## Supplied information
◇ ◇ ◇ ◇

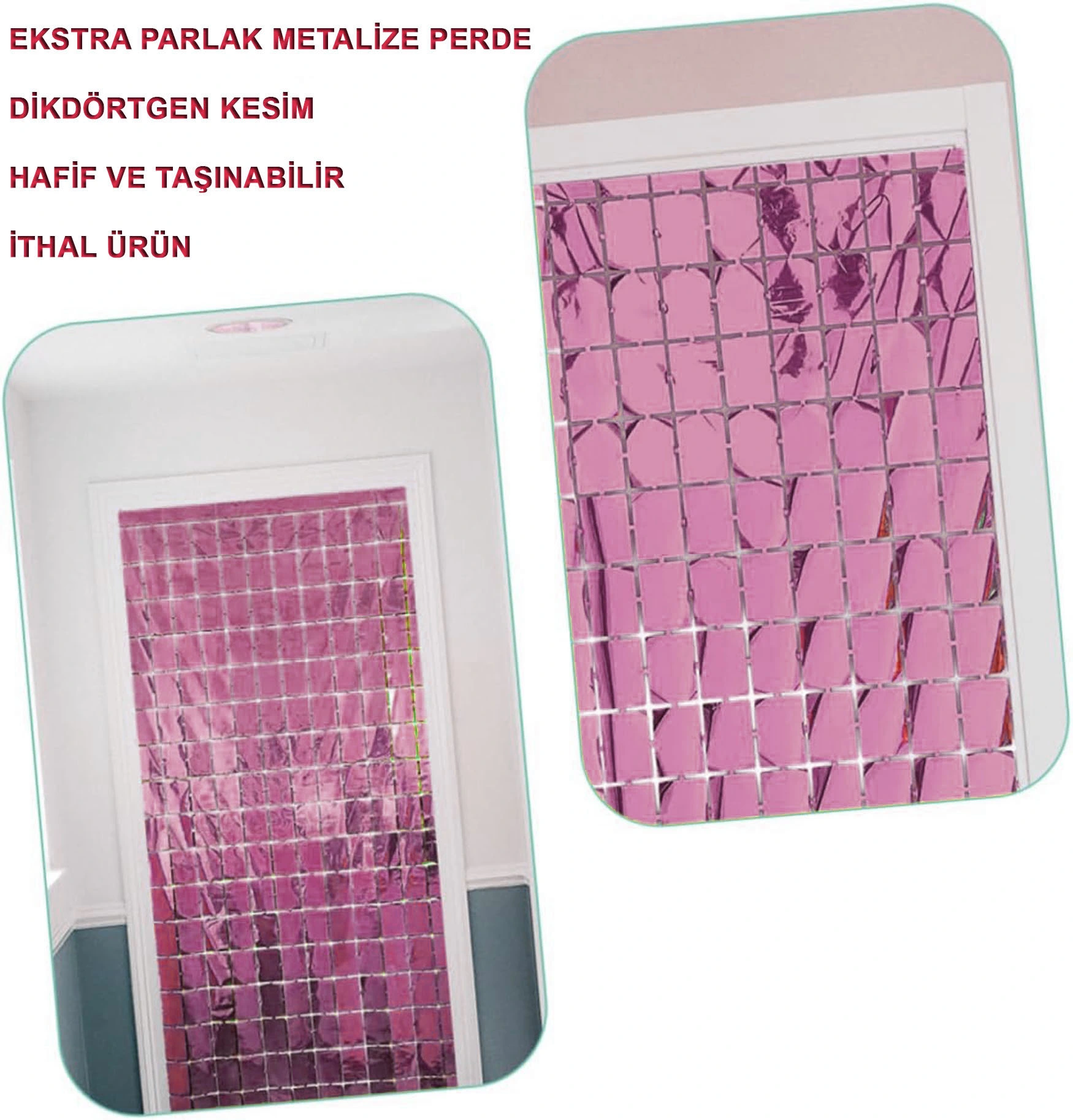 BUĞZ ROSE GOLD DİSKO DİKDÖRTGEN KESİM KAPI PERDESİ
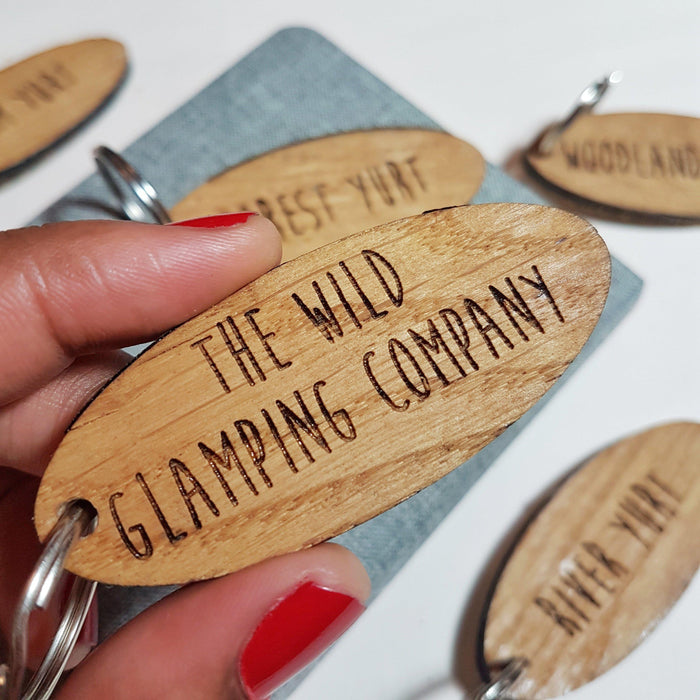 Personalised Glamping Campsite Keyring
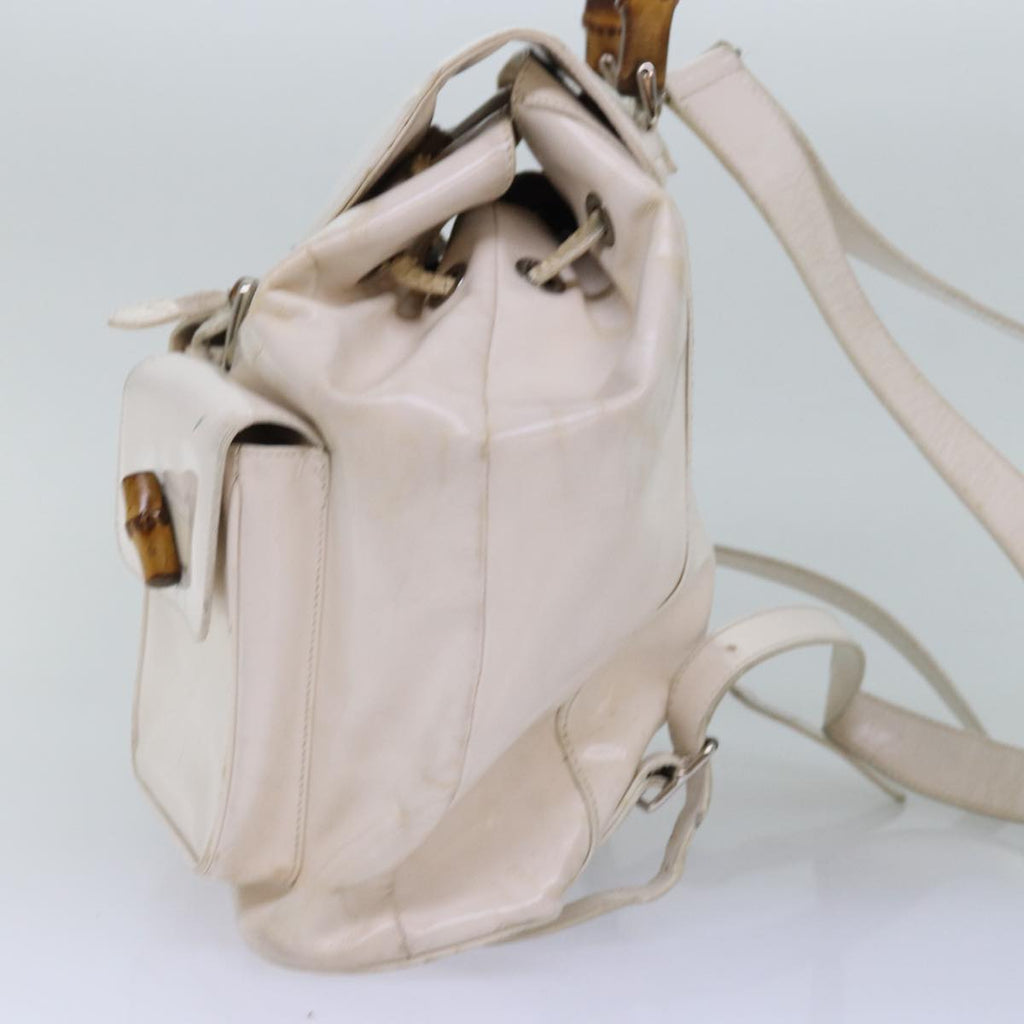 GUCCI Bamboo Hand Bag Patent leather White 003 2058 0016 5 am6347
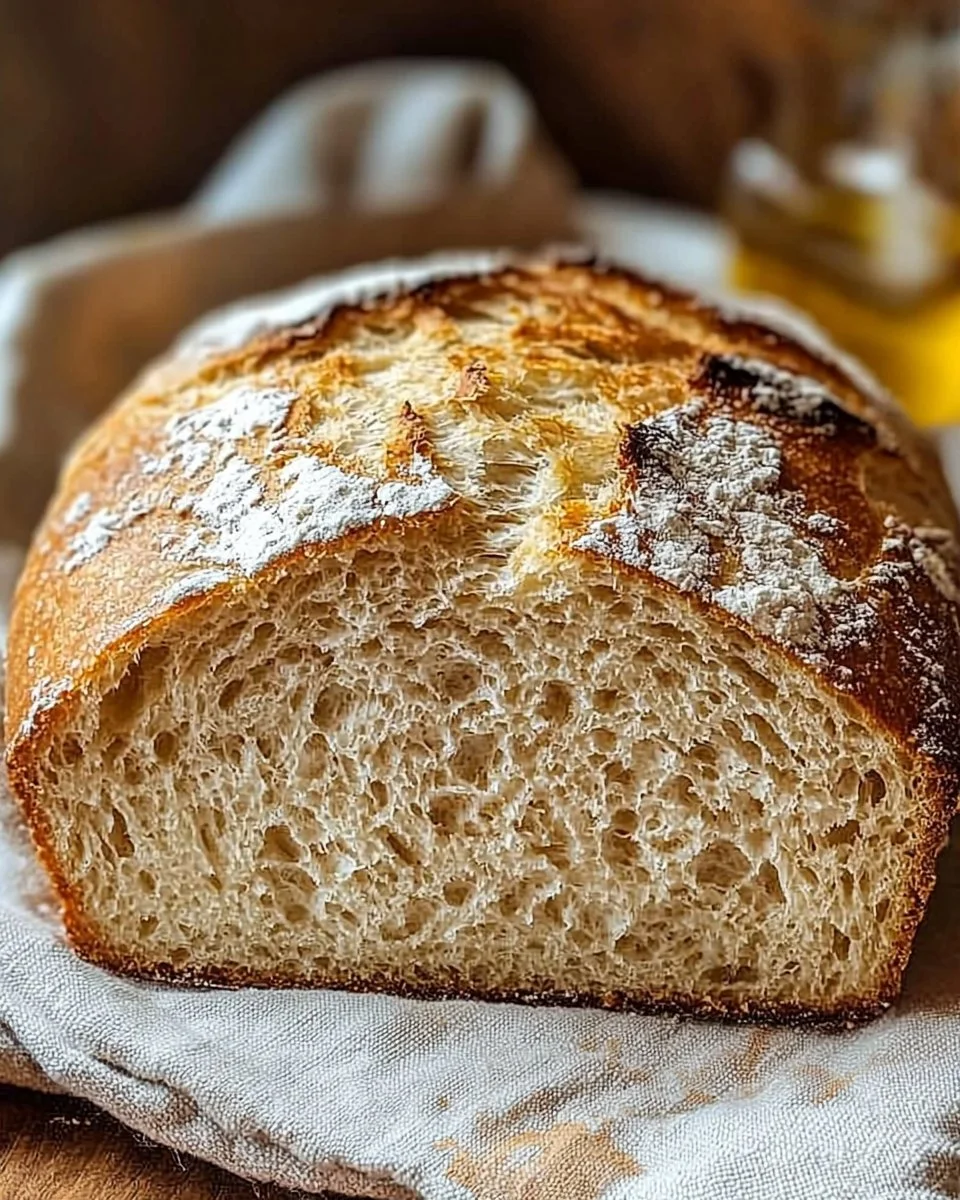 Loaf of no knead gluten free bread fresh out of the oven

◇ ◇ ◇ ◇

## The task
Could the data above be repeated exactly, with every picture dropped?

## Output of the exercise
 BUĞZ ROSE GOLD DİSKO DİKDÖRTGEN KESİM KAPI PERDESİ
 Personalised Glamping Campsite Keyring
 GUCCI Bamboo Hand Bag Patent leather White 003 2058 0016 5 am6347
 Loaf of no knead gluten free bread fresh out of the oven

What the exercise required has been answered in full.